- [EXERCISE]:
As soon as the line containing "eeun USB-A to" appears, start repeating lines exactly and continue to the end of the entries; please skip pictures.

- [DATA EXCERPTS]:
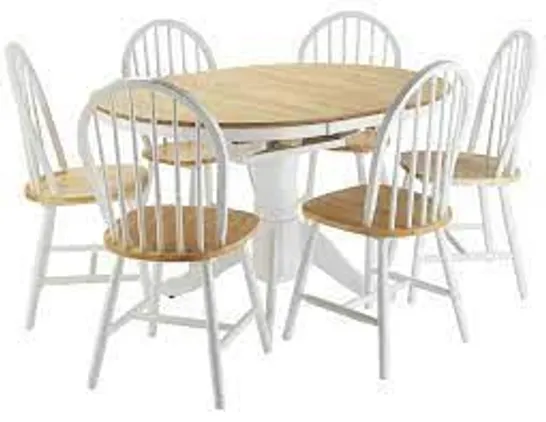 BOXED GRADE 1 NEW KENTUCKY TABLE & 6 CHAIRS (3 OF 4 BOXES)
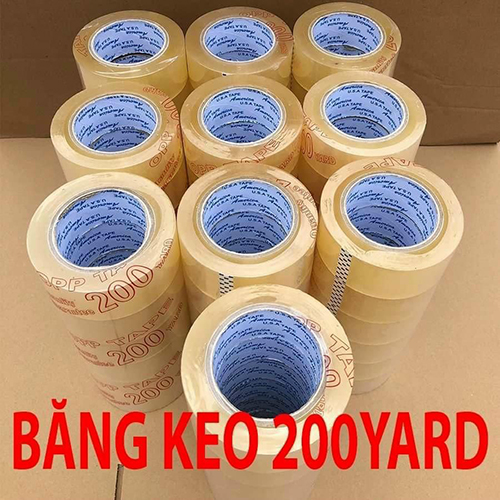 Băng keo trong đục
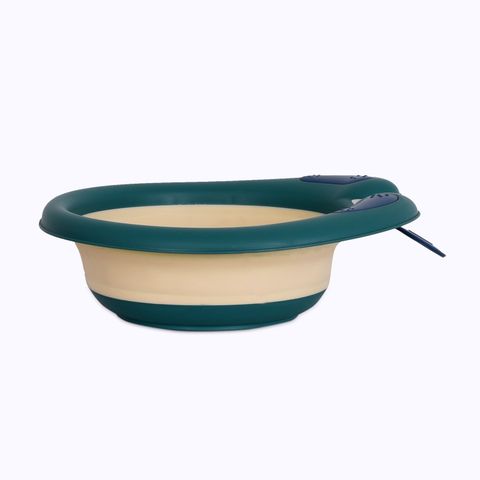  Thau rửa mặt gấp gọn (33x33x9.5cm) - hình Trái đào 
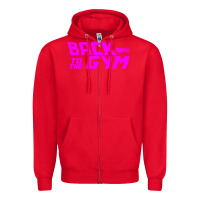 Red back to  funny trend newthe gym Zipper Hoodie - maiPhamDesign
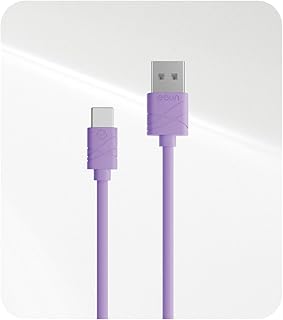 eeun USB-A to USB-C Cable, 480Mbps Data Transfer, TPE Material,PD 60W Fast Charge,2 Years Warranty (Purple)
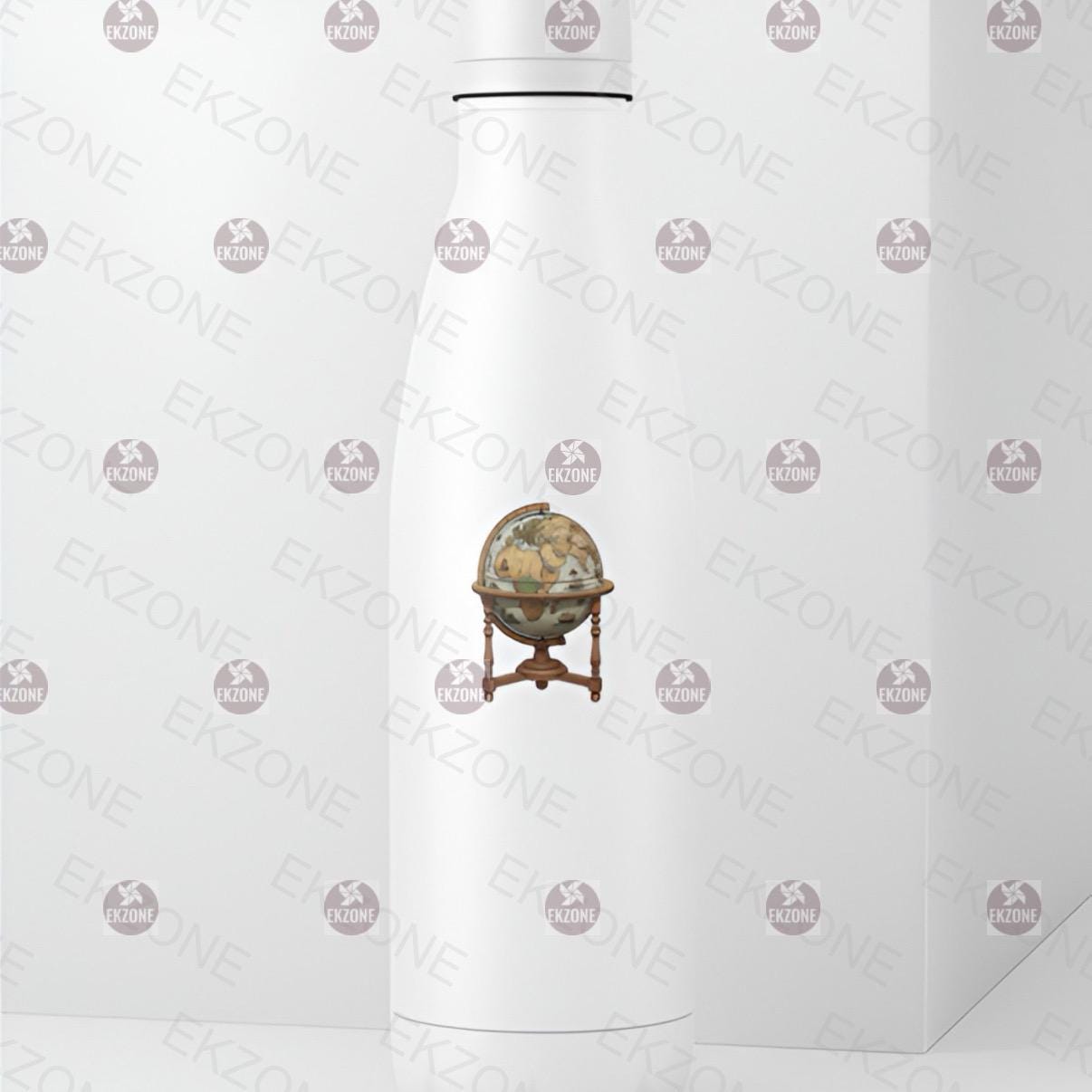 Vintage World Globe Sticker | Antique Globe Decal | Travel Wanderlust Art | History Buff Vinyl | Education Gift | Geography Teacher Laptop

- [RESPONSE]:
 eeun USB-A to USB-C Cable, 480Mbps Data Transfer, TPE Material,PD 60W Fast Charge,2 Years Warranty (Purple)
 Vintage World Globe Sticker | Antique Globe Decal | Travel Wanderlust Art | History Buff Vinyl | Education Gift | Geography Teacher Laptop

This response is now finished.